The real test of a backend isn't whether it works today — it's whether a new engineer can ship a feature next quarter without paging you. NestJS gives you the structure to make that possible, but only if you use its module system deliberately. Here are the conventions I keep reaching for.
One module per bounded responsibility
Each pipeline stage or domain concern lives as an isolated module with its own DTOs, services, and queue. In the AdShort AI backend, prompt generation, media synthesis, translation, and publishing were each their own module. A bad render can't poison the publish step, and you can scale the slow stage independently.
The boundary is the feature, not the technical layer. Resist the urge to have a giant 'services' folder — colocate everything a feature needs and the codebase stays navigable as it grows.
Make dependency direction explicit
Modules should depend inward toward shared domain primitives, never sideways into each other's internals. When two feature modules need to talk, they do it through a well-defined interface or an event — not by reaching into the other's services.
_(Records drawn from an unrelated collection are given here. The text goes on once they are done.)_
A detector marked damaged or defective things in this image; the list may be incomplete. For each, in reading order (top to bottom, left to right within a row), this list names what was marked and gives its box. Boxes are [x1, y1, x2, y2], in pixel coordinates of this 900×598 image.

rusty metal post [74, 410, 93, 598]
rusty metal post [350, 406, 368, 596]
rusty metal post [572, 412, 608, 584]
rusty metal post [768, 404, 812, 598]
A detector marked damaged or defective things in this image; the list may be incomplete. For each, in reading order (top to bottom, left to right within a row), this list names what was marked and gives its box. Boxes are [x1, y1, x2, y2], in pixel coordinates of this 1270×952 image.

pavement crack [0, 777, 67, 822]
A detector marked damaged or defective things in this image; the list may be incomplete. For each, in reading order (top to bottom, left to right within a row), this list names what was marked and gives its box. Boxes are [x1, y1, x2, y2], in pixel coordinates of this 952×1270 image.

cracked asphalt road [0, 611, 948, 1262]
This is the rule that keeps a team change survivable. A new engineer can understand one module in isolation because its dependencies are declared, not discovered.
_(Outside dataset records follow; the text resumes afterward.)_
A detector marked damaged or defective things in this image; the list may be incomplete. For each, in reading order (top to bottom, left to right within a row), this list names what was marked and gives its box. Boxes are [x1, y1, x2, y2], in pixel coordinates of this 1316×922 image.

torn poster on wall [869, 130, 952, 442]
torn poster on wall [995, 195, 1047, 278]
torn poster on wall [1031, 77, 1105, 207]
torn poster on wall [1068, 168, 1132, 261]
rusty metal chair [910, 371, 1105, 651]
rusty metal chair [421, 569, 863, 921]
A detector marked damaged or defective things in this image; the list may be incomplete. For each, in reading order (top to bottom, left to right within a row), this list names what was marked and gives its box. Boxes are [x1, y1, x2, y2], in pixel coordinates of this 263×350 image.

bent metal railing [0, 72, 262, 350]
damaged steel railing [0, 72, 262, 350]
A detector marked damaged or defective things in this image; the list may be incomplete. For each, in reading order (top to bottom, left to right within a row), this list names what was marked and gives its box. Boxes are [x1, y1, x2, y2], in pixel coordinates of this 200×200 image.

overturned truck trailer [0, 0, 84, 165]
DTOs and validation at the edge
Every inbound request is validated against a DTO before it reaches business logic. The controller's job is to validate and delegate; the service's job is the actual work. Keeping validation at the edge means the core never has to defend against malformed input.
The small conventions compound
Consistent file naming, one export per file where it makes sense, and a predictable folder shape per module sound trivial. They're what let someone open a module they've never seen and know where everything is. Consistency is a feature.
Takeaways
- Organize modules around bounded responsibilities, not technical layers.
- Keep dependencies pointing inward; modules communicate through interfaces or events, never internals.
- Validate every request against a DTO at the controller edge so the core stays clean.
- Boring, consistent conventions are what make a codebase survive a team change.